Set aside the issue whether calling homosexual acts immoral, as the Battle Cry youth do, is intolerant (a legitimate point of debate) or "fascist" (a stretch). The striking thing to me, and to the Chronicle, is how the city officials' focus on that issue alone obliterates, for them, everything else the evangelical group says -- every criticism the group makes of threats like youth violence, superficial sex in the media, and empty commercialism, things that traditionalists and progressives ought to be able to fight working together.
Tom
Tuesday, March 28, 2006
Very good people have worked and are working on President Bush's "faith-based initiative," but the evidence continues to mount that the administration as a whole views it as a rhetorical ploy to woo religious voters rather than a serious effort to address social needs (see previous post here). Amy Sullivan in The New Republic gives an update:
The real story, however, is not how immense the faith-based initiative is, but how small. The federal government distributed approximately $2 billion in grants to faith-based organizations in fiscal year 2005, a number that seems large but is not actually much different than the funding that groups like Catholic Charities and Habitat for Humanity received before Bush took office. . . . It is increasingly clear that only a handful of people in the administration view the program as anything other than a political tool to attract support from black religious leaders and to mollify the party's evangelical base. And now, even the program's most enthusiastic supporter on the Hill [Rep. Mark Souder (R-IN)] has pronounced it a sham. . . .
[At a recent hearing, Souder] ticked off for his audience the ways in which White House officials had kneecapped the initiative. . . . [Souder also charged] that congressional Republicans are unwilling to increase funds for social services because the recipients of those funds might be organizations in urban, Democratic districts.
Tom
UPDATE: Bryan McGraw, fellow at the Erasmus Institute at Notre Dame, writes to agree with my criticisms of much of the Bush administration but adds: "[I] it’s worth noting, I think, that part of the reason for the smallness of the program lies in bureaucratic resistance in places like HUD, HHS, etc." True; and one can also lay blame at the feet of some Democrats and interest groups that have fought the initiative tooth and nail. I also agree with Bryan that some White House staff take the program seriously (like the President's chief wordsmith) -- and I want to emphasize that I mean no criticism of the many people (including friends of mine) who have worked tirelessly on this program to boost the ability of faith-based and community services to help others. But John D'Iulio, David Kuo, Mark Souder: the voices are adding up, among social conservatives, toward the conclusion that the tax-cutting, budget-cutting, business-conscious -- and political -- side of Republicanism is frustrating the ideal of seriously assisting the needy through "compassionate conservatism."

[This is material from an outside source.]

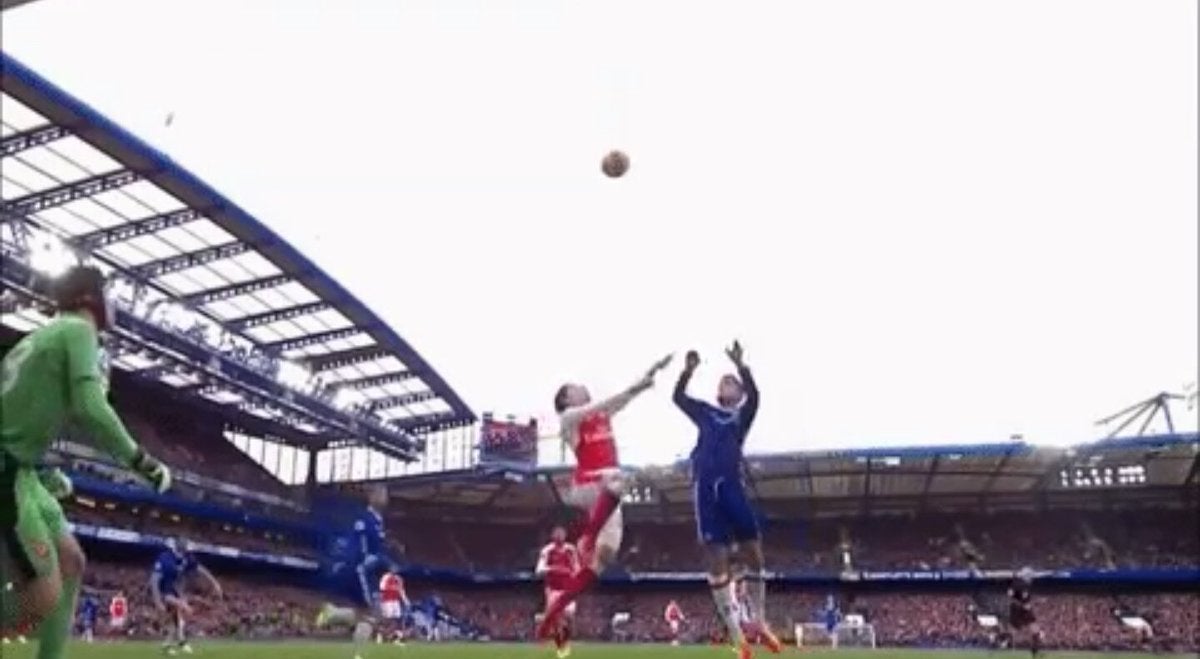 Hector Bellerin and Marcos Alonso both jump for a header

It's worth noting, even a bit tardily, the passing in March of Victor Rosenblum, one of that rare (?) breed of "pro-life liberals," who among many other distinctions in his career, argued and won Harris v. McRae, 448 U.S. 297 (1980), the decision allowing denials of funding for abortions.
To many liberals who have fought to keep abortion permissible under the law, Victor G. Rosenblum was something of an enigma. He was an avowed liberal Democrat who skillfully directed court and legislative battles to try to end the legality of abortion.
"Victor had an abiding faith, from the gut, about the sanctity of human life and that it extended into the womb," said Robert Bennett, a legal colleague who opposed his friend in court on the issue [in Harris]. "We never really had a philosophical discussion about it. I simply respected his belief."